Images stay out. Everything else in the records is repeated exactly.
Segment Open
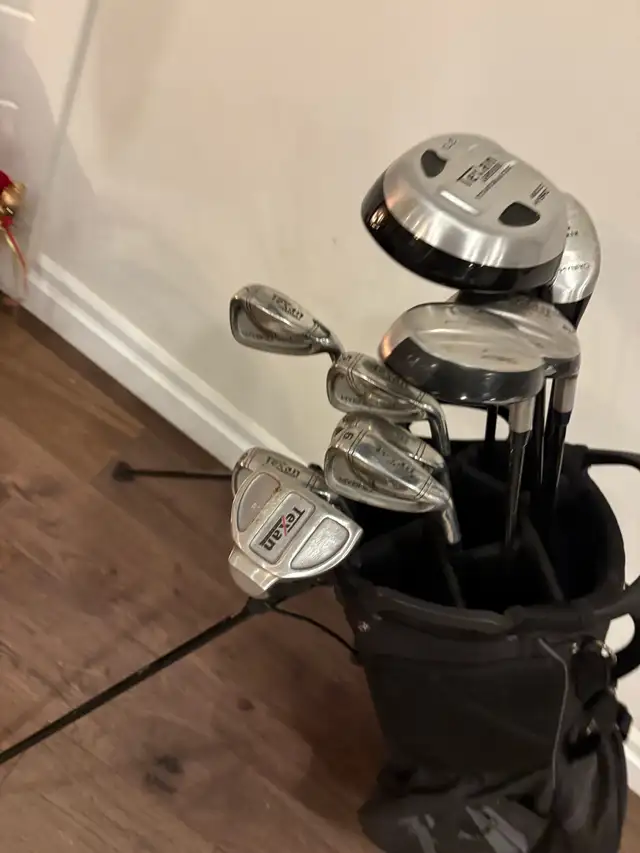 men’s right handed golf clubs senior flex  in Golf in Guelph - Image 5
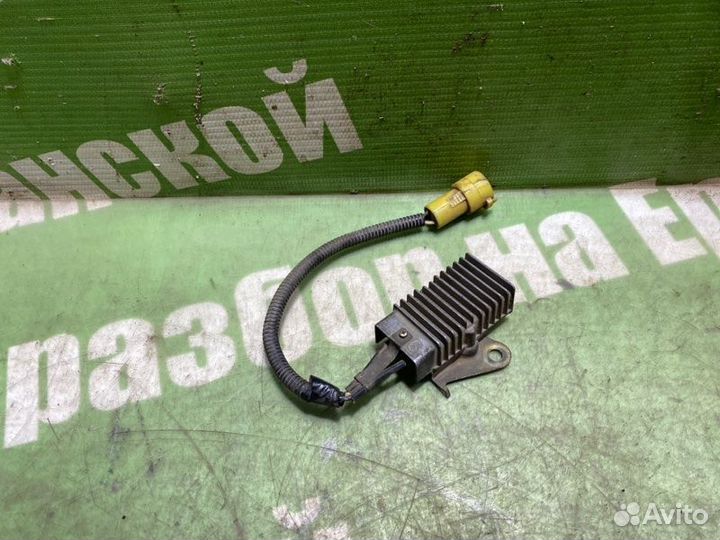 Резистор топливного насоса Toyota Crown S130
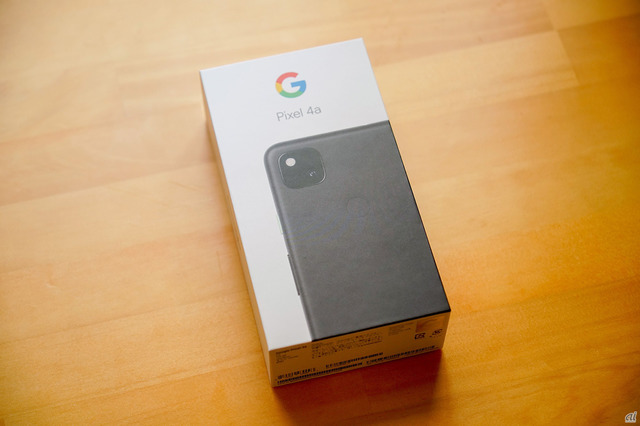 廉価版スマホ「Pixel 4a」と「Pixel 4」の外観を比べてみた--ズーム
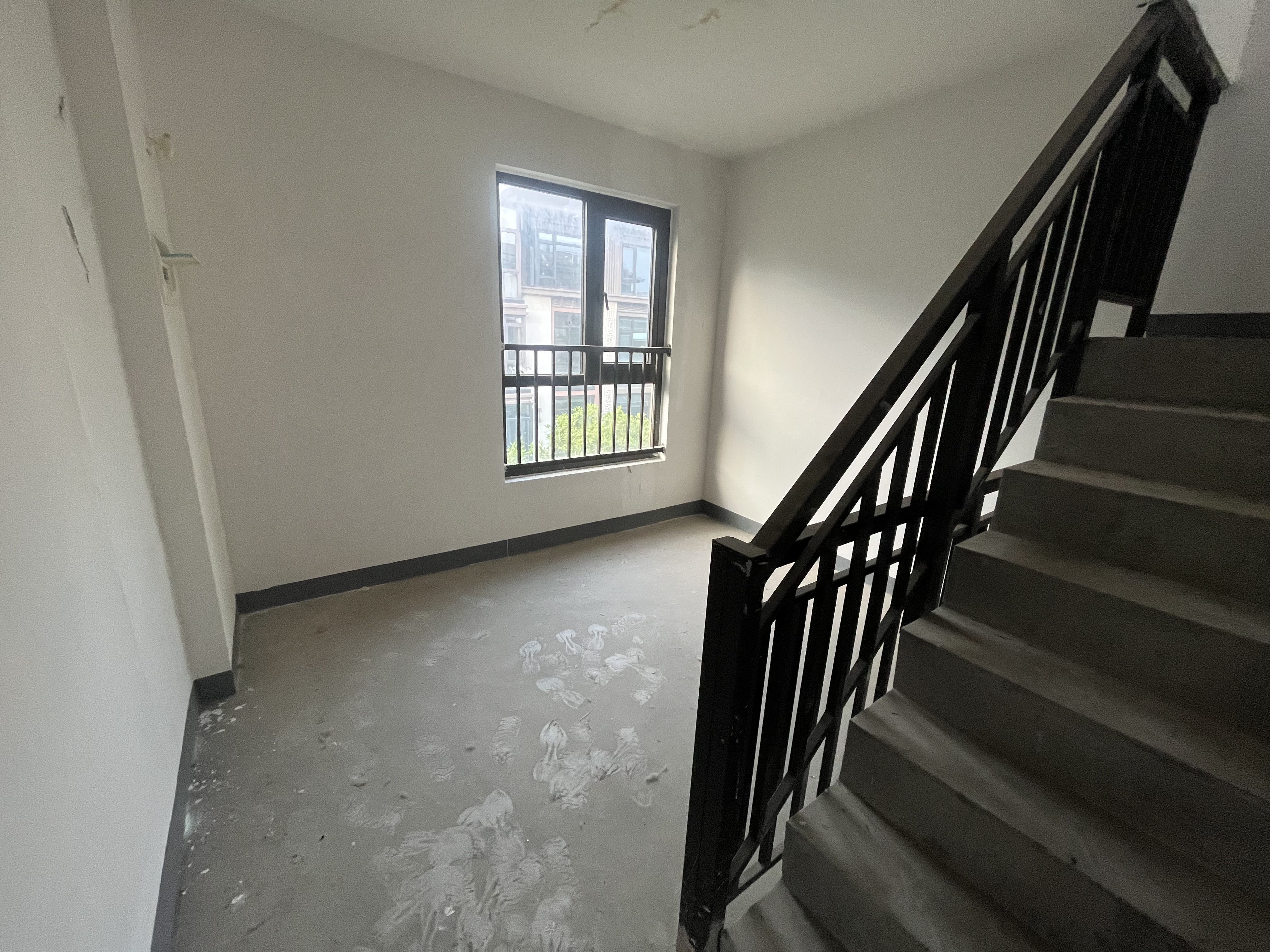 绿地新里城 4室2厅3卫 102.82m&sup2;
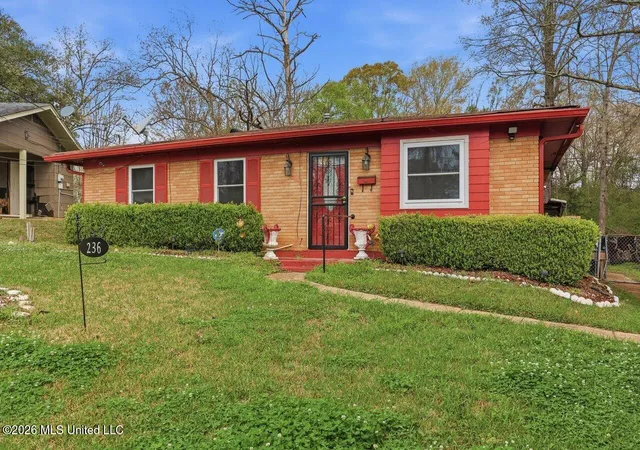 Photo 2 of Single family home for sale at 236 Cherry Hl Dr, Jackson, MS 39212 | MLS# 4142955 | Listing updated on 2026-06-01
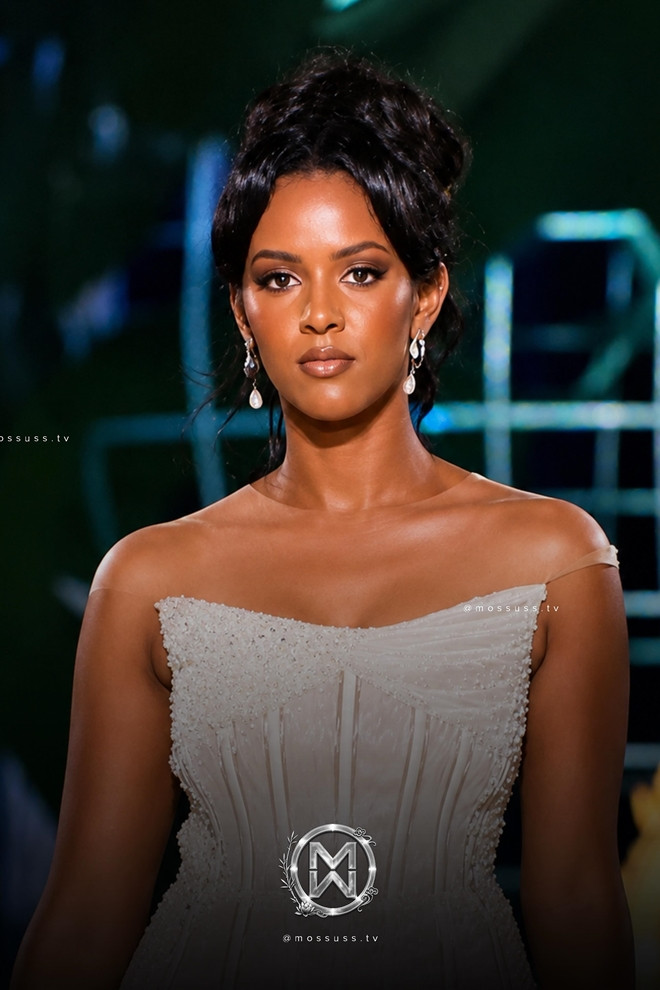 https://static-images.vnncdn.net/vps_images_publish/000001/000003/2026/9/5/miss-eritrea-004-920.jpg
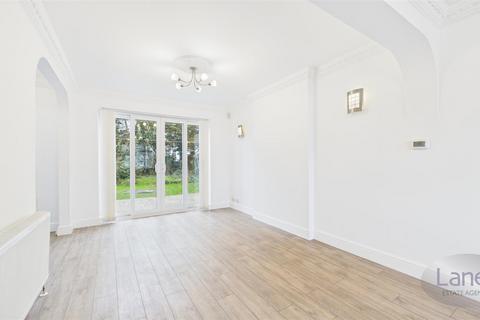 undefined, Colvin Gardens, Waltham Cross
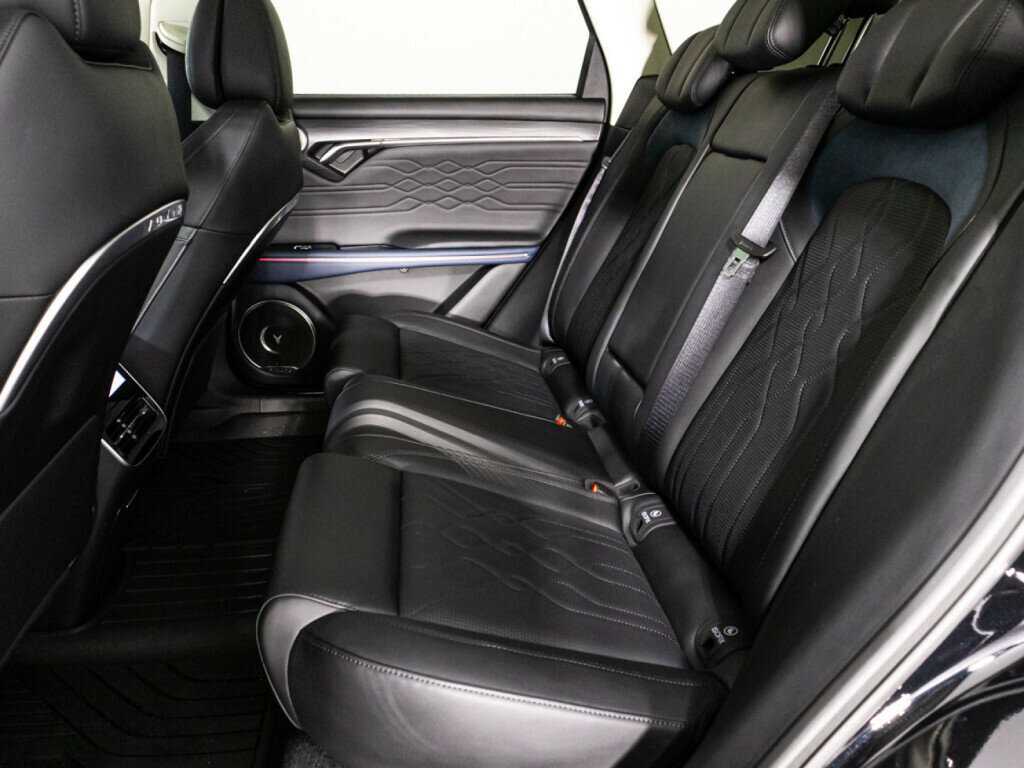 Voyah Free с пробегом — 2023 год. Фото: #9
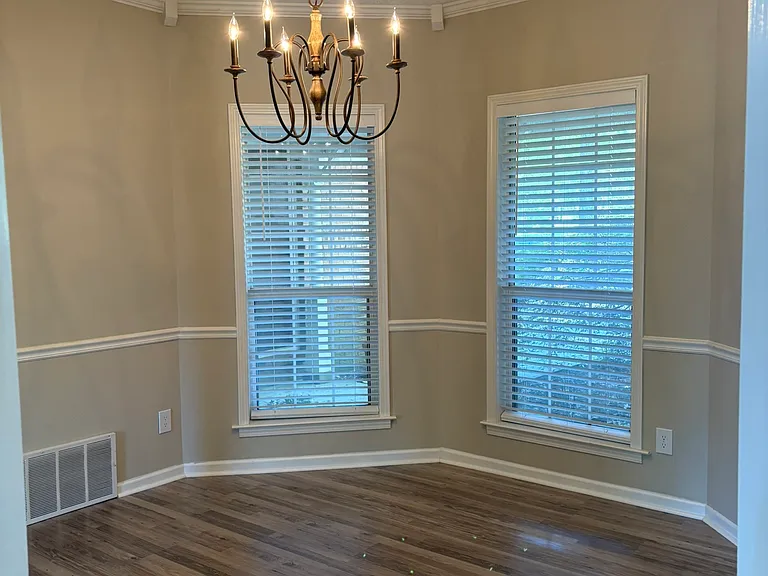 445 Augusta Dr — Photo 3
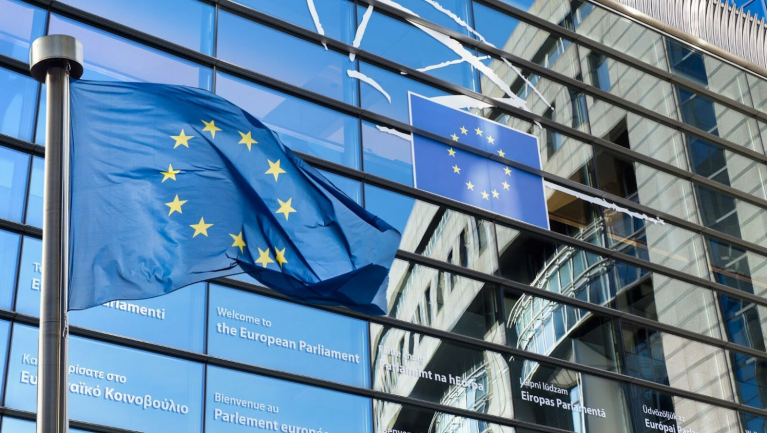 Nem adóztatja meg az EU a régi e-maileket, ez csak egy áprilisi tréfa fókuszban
Segment Closed
(COMPLETED TASK):
 men’s right handed golf clubs senior flex  in Golf in Guelph - Image 5
 Резистор топливного насоса Toyota Crown S130
 廉価版スマホ「Pixel 4a」と「Pixel 4」の外観を比べてみた--ズーム
 绿地新里城 4室2厅3卫 102.82m&sup2;
 Photo 2 of Single family home for sale at 236 Cherry Hl Dr, Jackson, MS 39212 | MLS# 4142955 | Listing updated on 2026-06-01
 https://static-images.vnncdn.net/vps_images_publish/000001/000003/2026/9/5/miss-eritrea-004-920.jpg
 undefined, Colvin Gardens, Waltham Cross
 Voyah Free с пробегом — 2023 год. Фото: #9
 445 Augusta Dr — Photo 3
 Nem adóztatja meg az EU a régi e-maileket, ez csak egy áprilisi tréfa fókuszban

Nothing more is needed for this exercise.